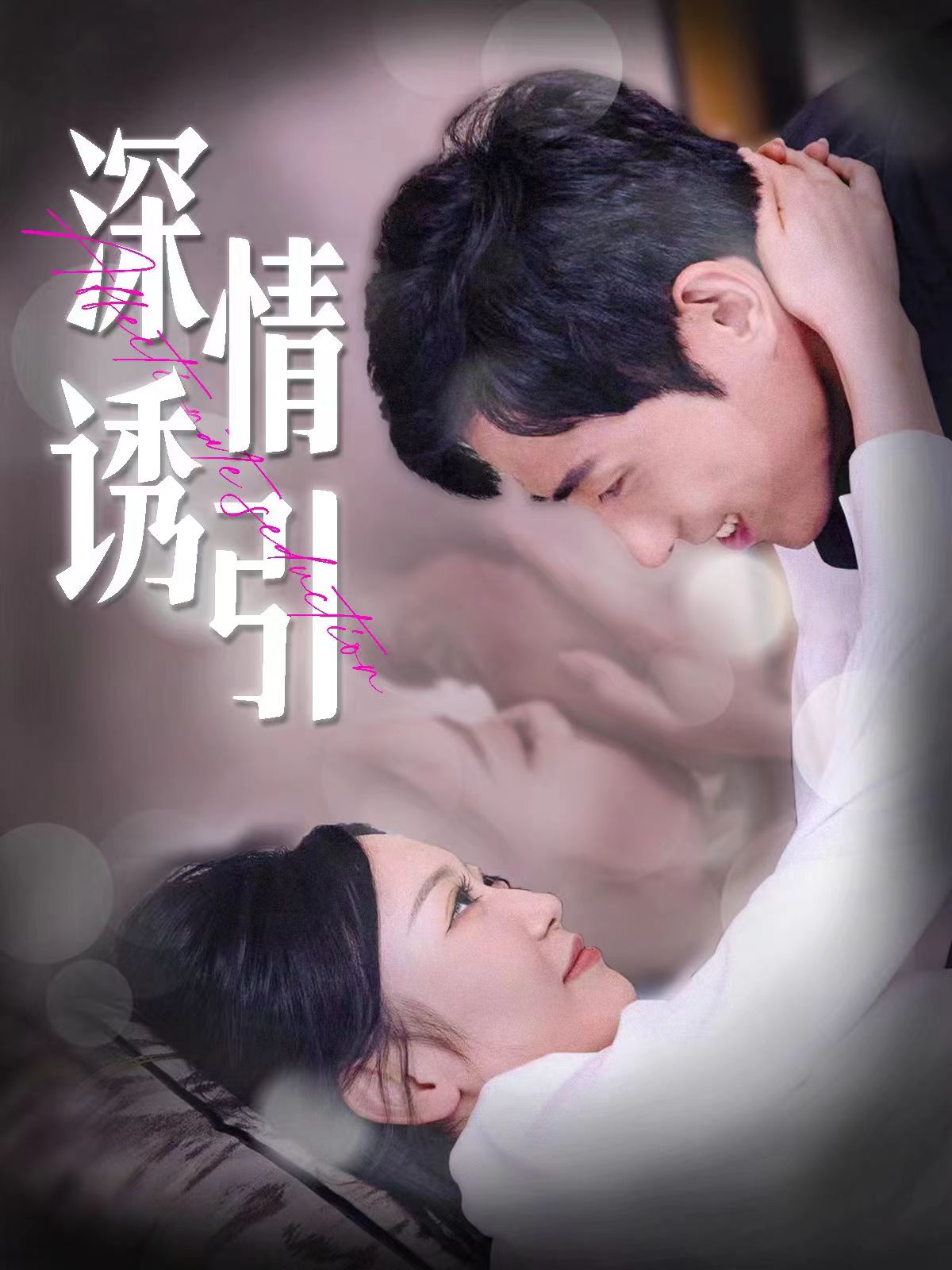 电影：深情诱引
···
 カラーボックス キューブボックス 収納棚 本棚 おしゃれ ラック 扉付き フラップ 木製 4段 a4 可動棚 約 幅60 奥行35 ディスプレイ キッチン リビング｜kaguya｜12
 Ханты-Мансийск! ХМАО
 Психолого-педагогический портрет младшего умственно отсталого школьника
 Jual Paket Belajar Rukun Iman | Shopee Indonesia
···
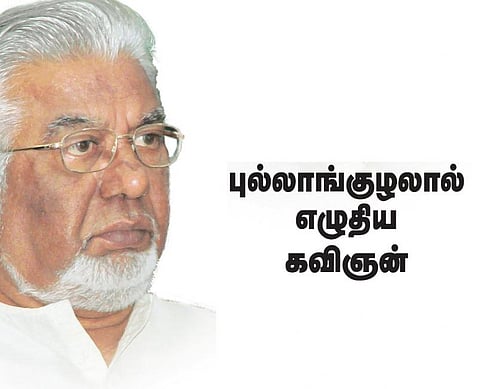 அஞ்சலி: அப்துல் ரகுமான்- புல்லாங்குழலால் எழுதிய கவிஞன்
···
WHAT YOU HAVE TO DO: Out of the data above, set down the lines from the one with "Психолого-педагогический портрет младшего" to the one with "Jual Paket Belajar", both included, exactly as written and with no additions.

REPLY TO THE TASK:
 Психолого-педагогический портрет младшего умственно отсталого школьника
 Jual Paket Belajar Rukun Iman | Shopee Indonesia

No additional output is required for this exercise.